Task material
☆ ☆ ☆ ☆ ☆

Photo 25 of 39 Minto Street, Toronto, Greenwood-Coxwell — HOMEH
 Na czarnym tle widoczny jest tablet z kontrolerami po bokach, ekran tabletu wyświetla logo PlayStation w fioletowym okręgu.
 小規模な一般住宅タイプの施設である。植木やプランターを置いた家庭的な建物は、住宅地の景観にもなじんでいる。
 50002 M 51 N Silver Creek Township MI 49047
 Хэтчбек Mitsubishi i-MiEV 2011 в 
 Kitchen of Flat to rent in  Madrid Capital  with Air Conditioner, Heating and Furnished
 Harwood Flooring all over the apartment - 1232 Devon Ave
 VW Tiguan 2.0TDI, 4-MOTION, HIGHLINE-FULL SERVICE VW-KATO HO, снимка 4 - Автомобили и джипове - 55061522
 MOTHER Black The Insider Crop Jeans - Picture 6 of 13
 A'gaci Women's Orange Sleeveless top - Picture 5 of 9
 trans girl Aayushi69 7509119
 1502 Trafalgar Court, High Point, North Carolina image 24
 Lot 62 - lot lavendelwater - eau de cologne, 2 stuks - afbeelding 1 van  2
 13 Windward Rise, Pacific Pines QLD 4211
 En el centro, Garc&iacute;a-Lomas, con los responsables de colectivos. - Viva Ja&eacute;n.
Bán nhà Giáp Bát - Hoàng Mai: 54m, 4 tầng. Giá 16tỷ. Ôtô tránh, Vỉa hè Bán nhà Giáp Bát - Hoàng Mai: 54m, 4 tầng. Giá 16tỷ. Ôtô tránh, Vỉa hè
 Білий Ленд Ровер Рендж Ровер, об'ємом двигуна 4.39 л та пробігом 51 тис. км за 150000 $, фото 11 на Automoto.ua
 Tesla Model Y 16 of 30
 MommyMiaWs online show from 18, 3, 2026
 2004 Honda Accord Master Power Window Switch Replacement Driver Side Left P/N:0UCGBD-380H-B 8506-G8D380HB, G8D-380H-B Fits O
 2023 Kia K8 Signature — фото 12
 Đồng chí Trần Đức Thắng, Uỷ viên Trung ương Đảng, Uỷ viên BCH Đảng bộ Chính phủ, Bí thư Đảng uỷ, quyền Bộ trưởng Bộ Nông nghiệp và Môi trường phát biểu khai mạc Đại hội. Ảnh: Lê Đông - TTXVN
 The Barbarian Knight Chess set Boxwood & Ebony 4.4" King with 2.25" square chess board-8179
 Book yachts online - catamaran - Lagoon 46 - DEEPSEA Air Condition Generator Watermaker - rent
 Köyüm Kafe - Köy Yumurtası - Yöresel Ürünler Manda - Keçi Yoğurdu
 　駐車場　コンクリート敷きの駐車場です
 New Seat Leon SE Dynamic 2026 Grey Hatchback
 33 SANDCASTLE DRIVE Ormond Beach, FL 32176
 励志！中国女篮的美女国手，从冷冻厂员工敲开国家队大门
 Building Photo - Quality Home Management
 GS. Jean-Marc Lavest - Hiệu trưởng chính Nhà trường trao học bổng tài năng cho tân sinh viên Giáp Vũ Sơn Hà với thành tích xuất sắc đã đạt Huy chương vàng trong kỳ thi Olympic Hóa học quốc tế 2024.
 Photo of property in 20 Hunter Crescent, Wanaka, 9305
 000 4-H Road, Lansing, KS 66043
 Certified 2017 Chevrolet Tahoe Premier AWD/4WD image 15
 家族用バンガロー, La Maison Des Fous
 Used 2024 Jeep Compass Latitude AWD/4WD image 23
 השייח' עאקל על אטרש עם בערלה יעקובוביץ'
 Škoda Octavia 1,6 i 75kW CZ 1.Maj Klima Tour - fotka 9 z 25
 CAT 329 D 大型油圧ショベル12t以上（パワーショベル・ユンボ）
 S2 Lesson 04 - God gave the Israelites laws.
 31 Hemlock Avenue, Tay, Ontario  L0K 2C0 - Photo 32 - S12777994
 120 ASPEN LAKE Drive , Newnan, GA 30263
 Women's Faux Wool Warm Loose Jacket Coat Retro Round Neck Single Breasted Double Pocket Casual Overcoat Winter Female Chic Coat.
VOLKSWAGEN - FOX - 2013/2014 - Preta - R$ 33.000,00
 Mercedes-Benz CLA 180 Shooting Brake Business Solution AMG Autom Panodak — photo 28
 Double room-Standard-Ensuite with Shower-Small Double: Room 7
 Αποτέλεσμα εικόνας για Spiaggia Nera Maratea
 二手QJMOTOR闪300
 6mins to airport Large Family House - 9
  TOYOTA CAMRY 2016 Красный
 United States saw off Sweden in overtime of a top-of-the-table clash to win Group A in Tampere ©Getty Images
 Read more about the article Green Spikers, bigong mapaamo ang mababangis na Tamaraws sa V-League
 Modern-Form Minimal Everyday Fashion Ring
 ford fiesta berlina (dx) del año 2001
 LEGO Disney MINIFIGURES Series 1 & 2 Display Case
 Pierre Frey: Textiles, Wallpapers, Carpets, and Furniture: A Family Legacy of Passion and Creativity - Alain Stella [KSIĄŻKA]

☆ ☆ ☆ ☆ ☆

The task
Scan the records above for the lines holding "Хэтчбек Mitsubishi i-MiEV 2011 в" and "tránh, Vỉa hè Bán". Transcribe those two and every line between them word for word, and no others.

Exercise answer
 Хэтчбек Mitsubishi i-MiEV 2011 в 
 Kitchen of Flat to rent in  Madrid Capital  with Air Conditioner, Heating and Furnished
 Harwood Flooring all over the apartment - 1232 Devon Ave
 VW Tiguan 2.0TDI, 4-MOTION, HIGHLINE-FULL SERVICE VW-KATO HO, снимка 4 - Автомобили и джипове - 55061522
 MOTHER Black The Insider Crop Jeans - Picture 6 of 13
 A'gaci Women's Orange Sleeveless top - Picture 5 of 9
 trans girl Aayushi69 7509119
 1502 Trafalgar Court, High Point, North Carolina image 24
 Lot 62 - lot lavendelwater - eau de cologne, 2 stuks - afbeelding 1 van  2
 13 Windward Rise, Pacific Pines QLD 4211
 En el centro, Garc&iacute;a-Lomas, con los responsables de colectivos. - Viva Ja&eacute;n.
Bán nhà Giáp Bát - Hoàng Mai: 54m, 4 tầng. Giá 16tỷ. Ôtô tránh, Vỉa hè Bán nhà Giáp Bát - Hoàng Mai: 54m, 4 tầng. Giá 16tỷ. Ôtô tránh, Vỉa hè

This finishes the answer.